Problem
Using the listing below, give again exactly the lines from the line with "Двоен зелено/червено бутон" to the line with "the poem dear", inclusive, without the pictures.

Records for the exercise
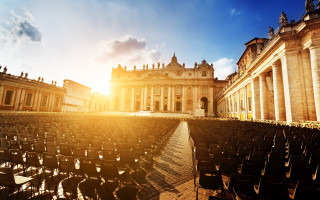 Large building chairs sky clouds - andrea pozzo free wallpaper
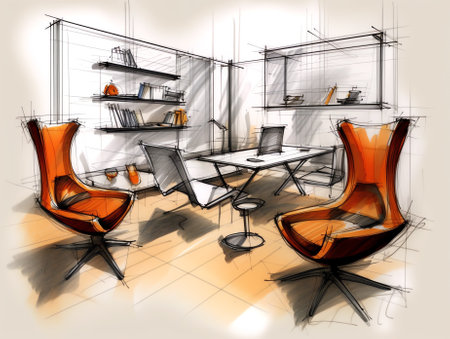 Generative AI : Designer sketching drawing design development product plan draft chair armchair Wingback Interior furniture prototype manufacturing production designer studio conceの素材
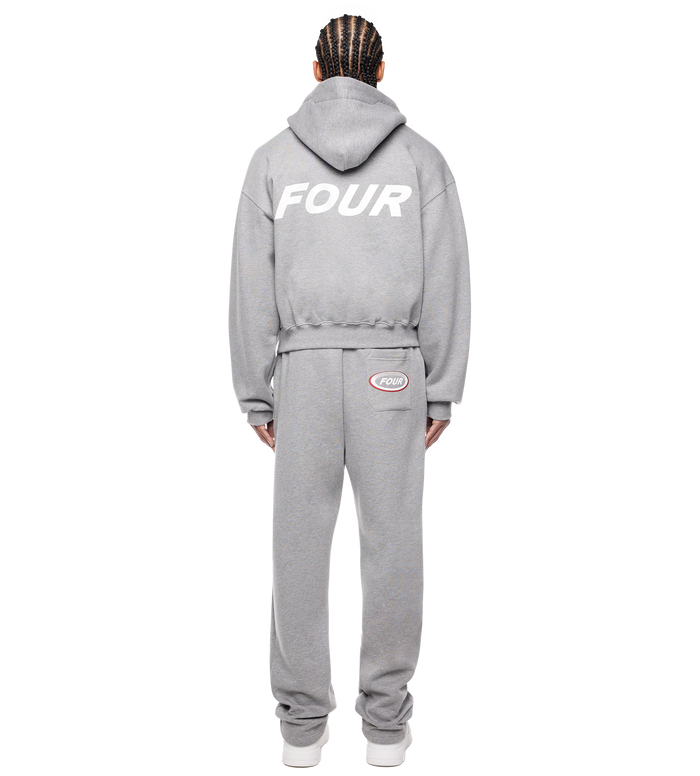 Reconstructed Circles Zip Up Hoodie Grey Melange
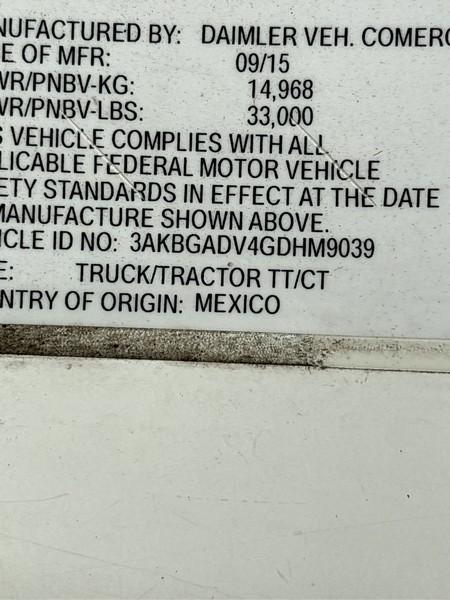 2016 FREIGHTLINER CASCADIA S/A DAYCAB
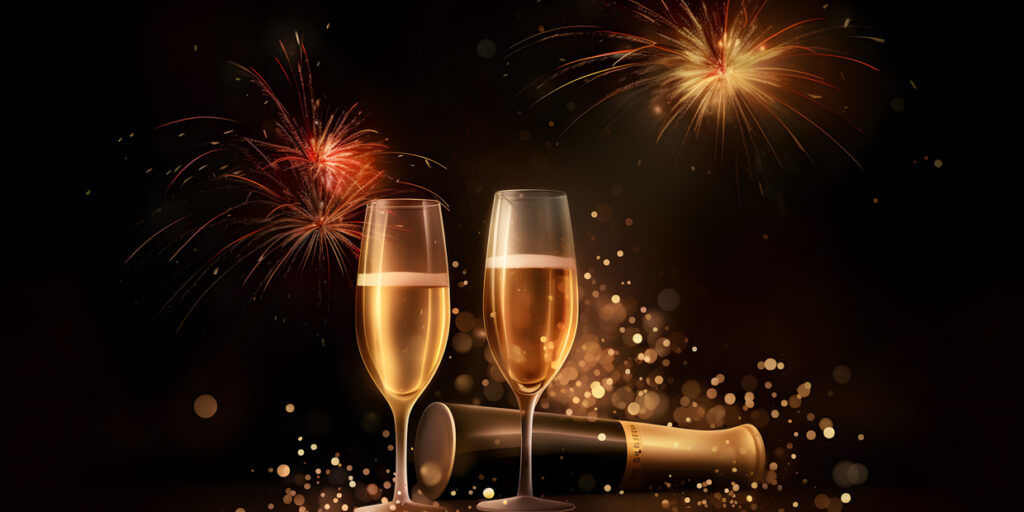 Create a poster for a New Year Eve party with a champagne one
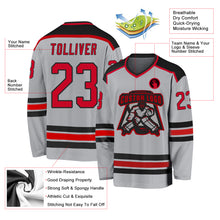 Load image into Gallery viewer, Custom Gray Red-Black Hockey Jersey
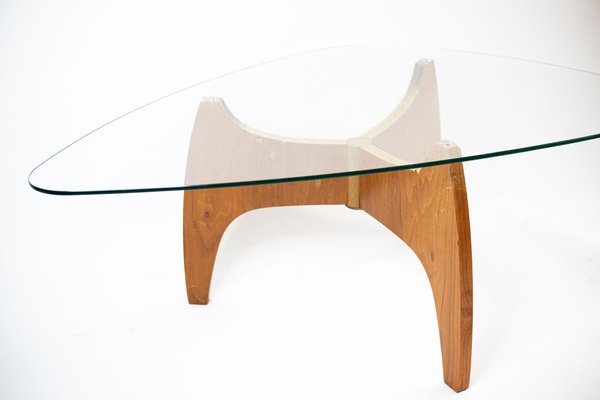 Mid-Century Oval Walnut & Glass Coffee Table, 1960s-XH-2043334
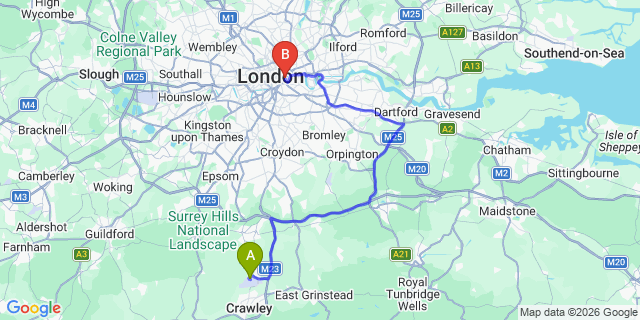 Map: London Gatwick Airport (LGW) to SE1 Southwark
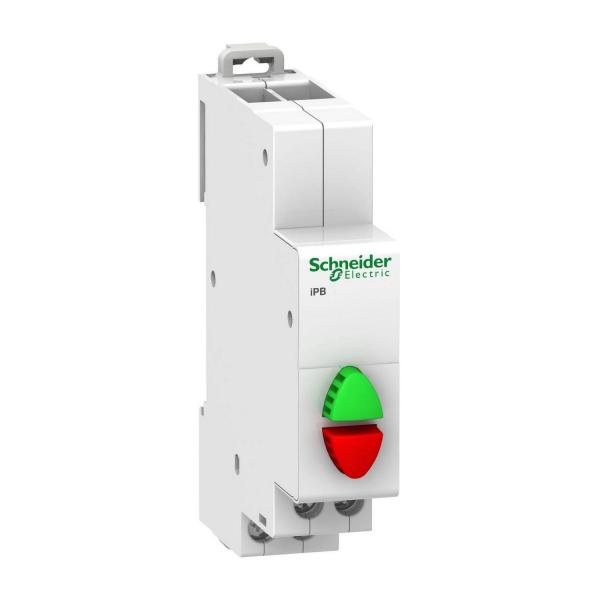 Двоен зелено/червено бутон Schneider Acti 9 iPB, 1NO+1NC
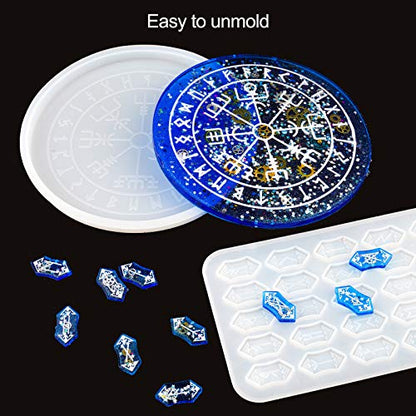 NiArt Rune Divination Resin Mold Kit - Dice, Cards, Compass for DIY Crafts | Premium Silicone Easy-Release Molds for Crafting Glossy Rune Jewelry and Decorations - style: Rune Divination - Sytle B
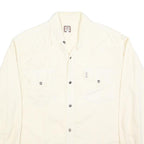 NORWISS Mens Cream Button Shirt S Cotton Blend Casual Long Sleeve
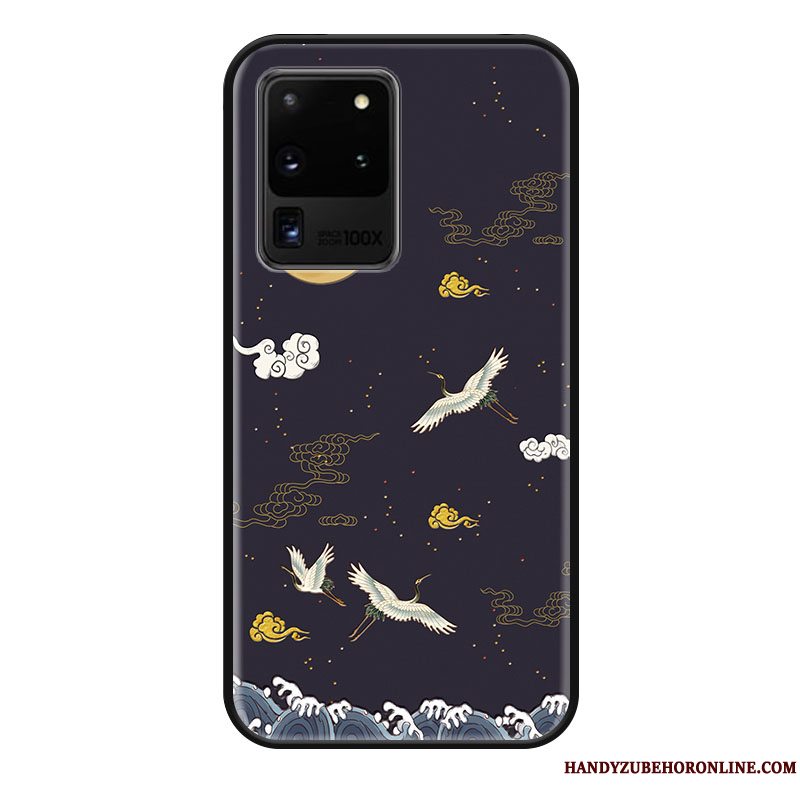 Etui Samsung Galaxy S20 Ultra Mode Nubuck Kinesisk Stil, Cover Samsung Galaxy S20 Ultra Silikone Traner Trend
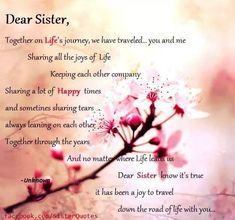 the poem dear sister is written in pink flowers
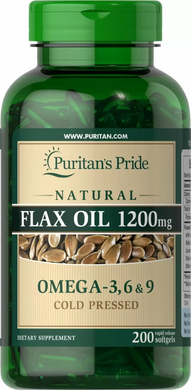 Лляна олія, Flax Oil, Puritan's Pride, 1200 мг, натуральне, 200 гелевих капсул (PTP-13322), фото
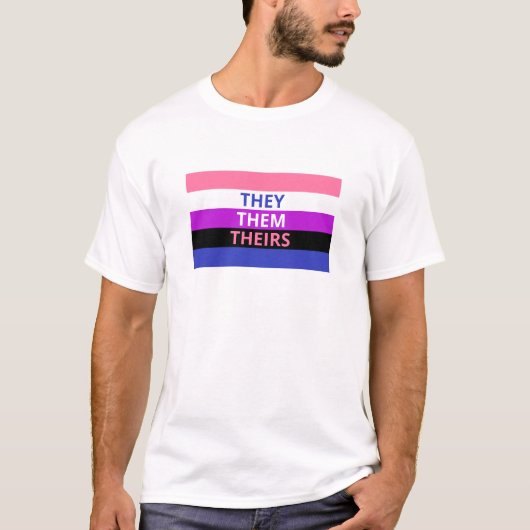Sie/sie Pronomina Genderfluid T-Shirt (Vorderseite)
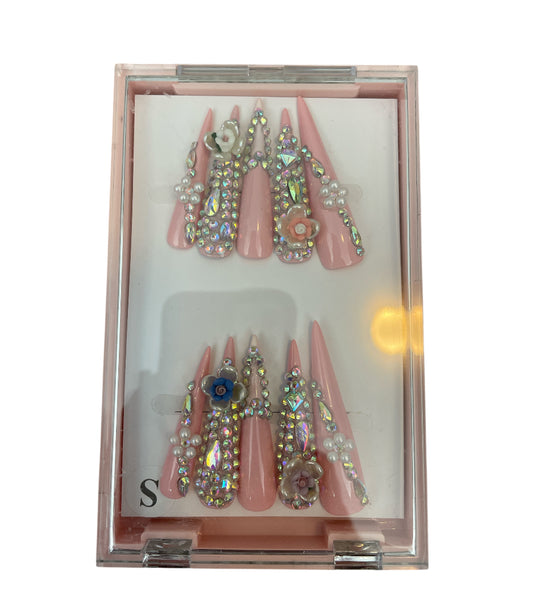 Elegant Pink Embellished Long Stiletto Press-on Nails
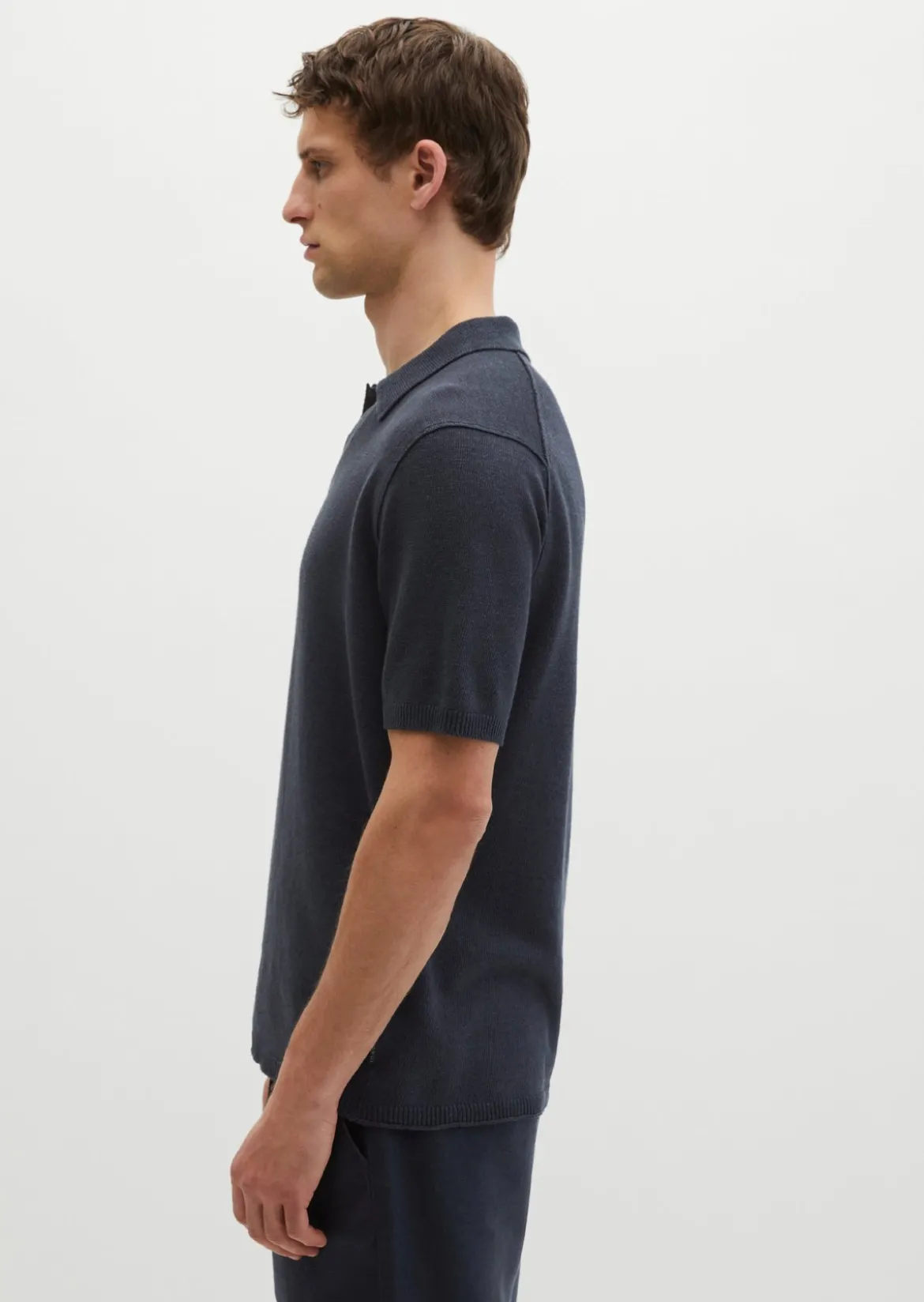 Kurzarm-Pullover regular aus Bio-Baumwolle und Leinen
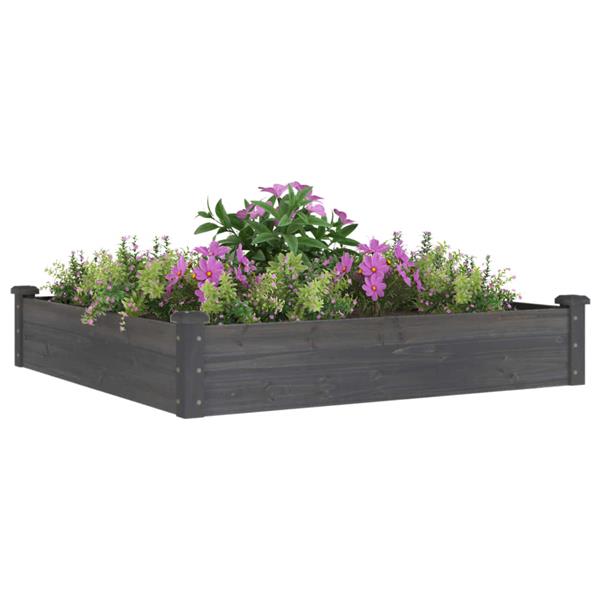 Grote foto vidaxl plantenbak verhoogd met voering 120x120x25 cm vurenhout grijs tuin en terras overige tuin en terras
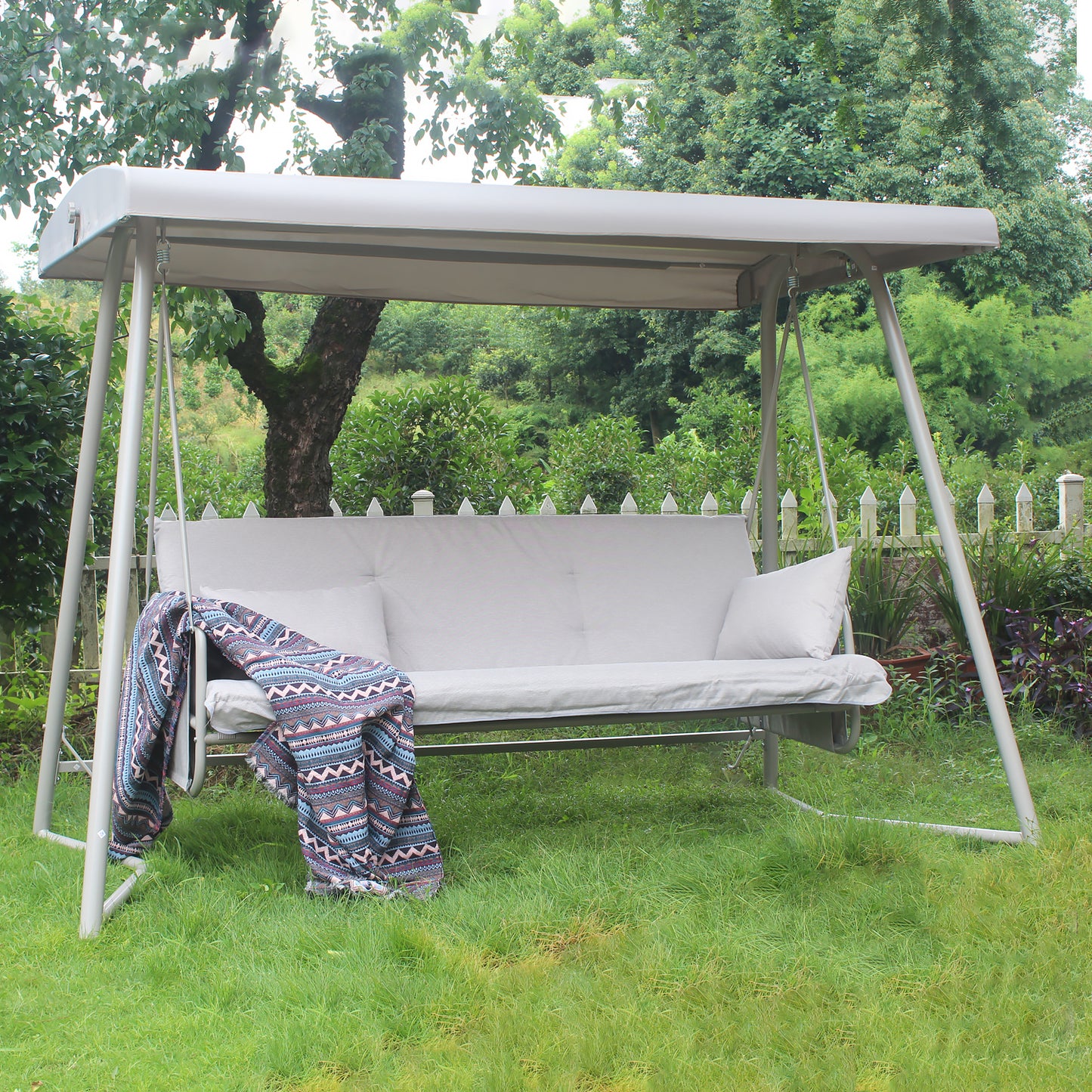Coolbibila Outdoor Patio 3 seaters Metal Swing Chair Swing bed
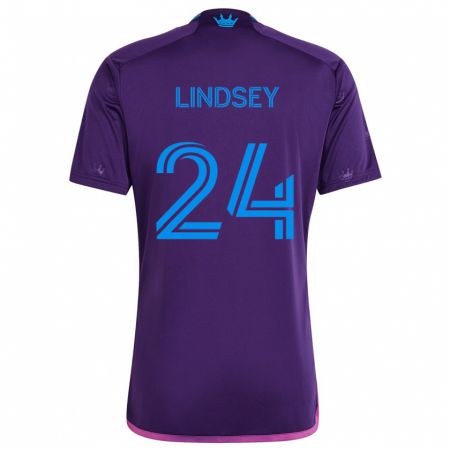 Kandiny Miesten Jaylin Lindsey #24 Purppura Sininen Vieraspaita 2024/25 Lyhythihainen Paita T-Paita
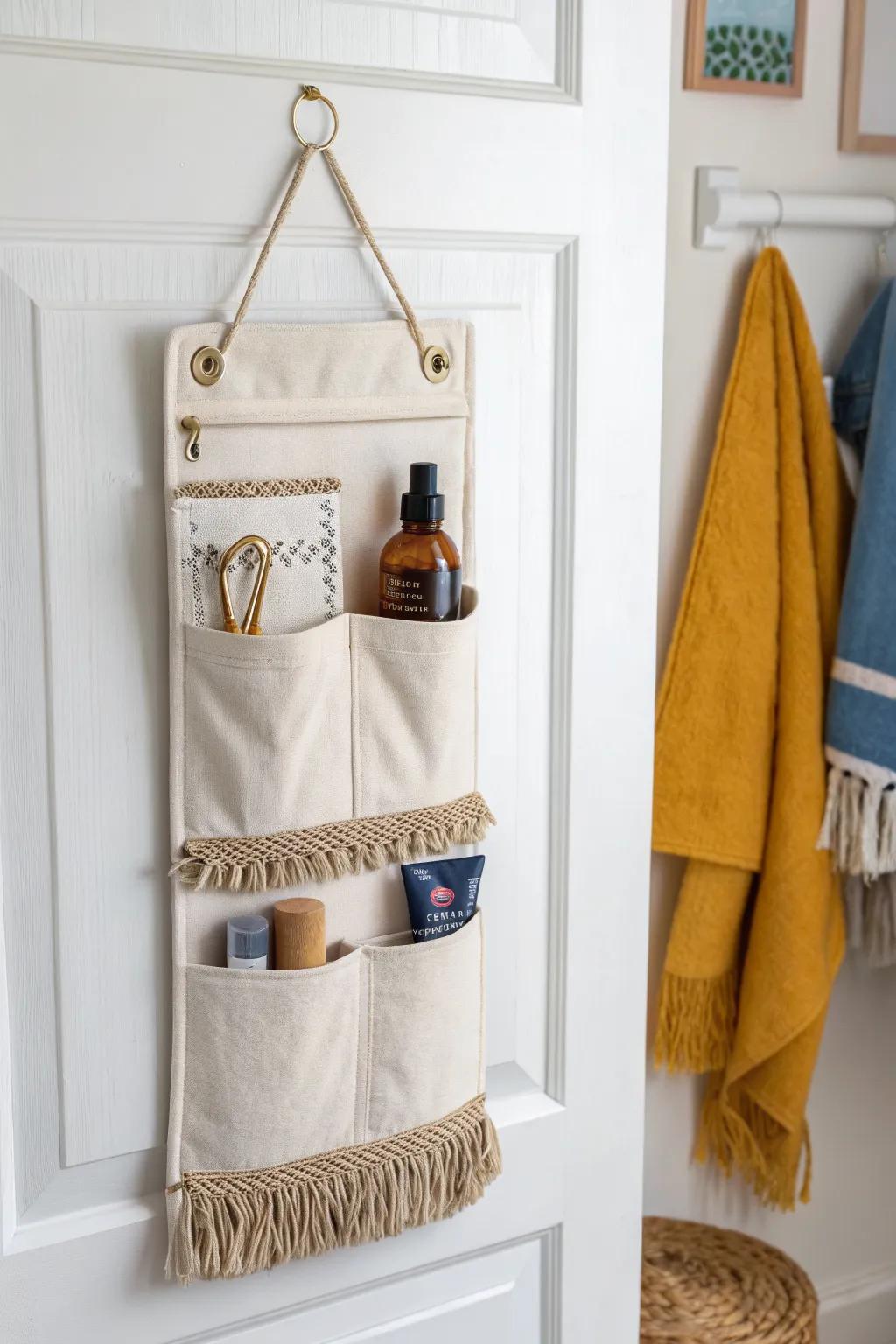 Turn a plain door into chic storage—zero drilling, all style for small renter-friendly spaces.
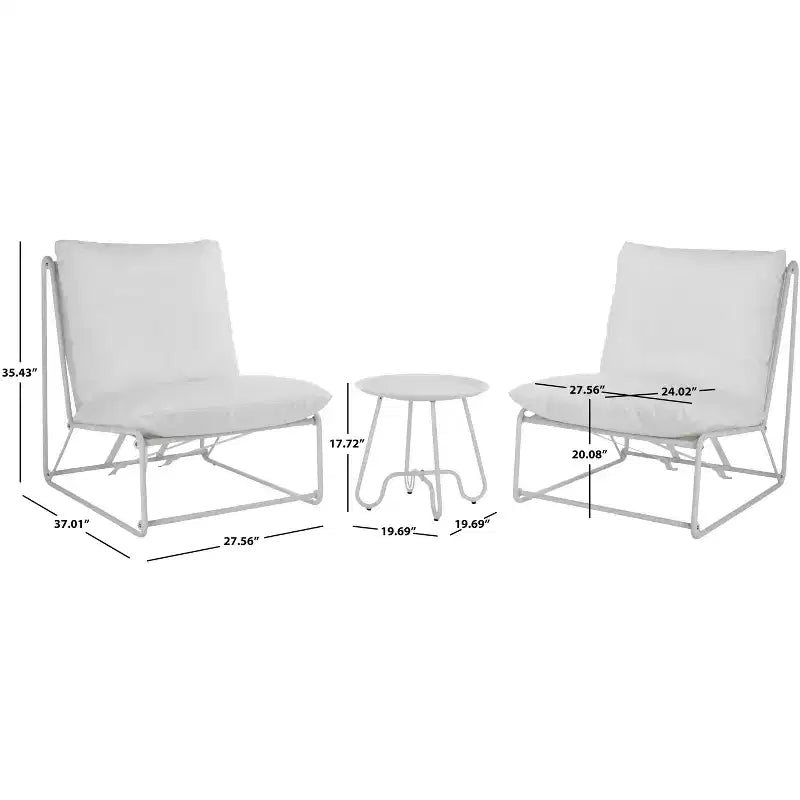Ensemble de patio 3 pièces - Intérieur/Extérieur - Blanc/Beige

Exercise result
 Двоен зелено/червено бутон Schneider Acti 9 iPB, 1NO+1NC
 NiArt Rune Divination Resin Mold Kit - Dice, Cards, Compass for DIY Crafts | Premium Silicone Easy-Release Molds for Crafting Glossy Rune Jewelry and Decorations - style: Rune Divination - Sytle B
 NORWISS Mens Cream Button Shirt S Cotton Blend Casual Long Sleeve
 Etui Samsung Galaxy S20 Ultra Mode Nubuck Kinesisk Stil, Cover Samsung Galaxy S20 Ultra Silikone Traner Trend
 the poem dear sister is written in pink flowers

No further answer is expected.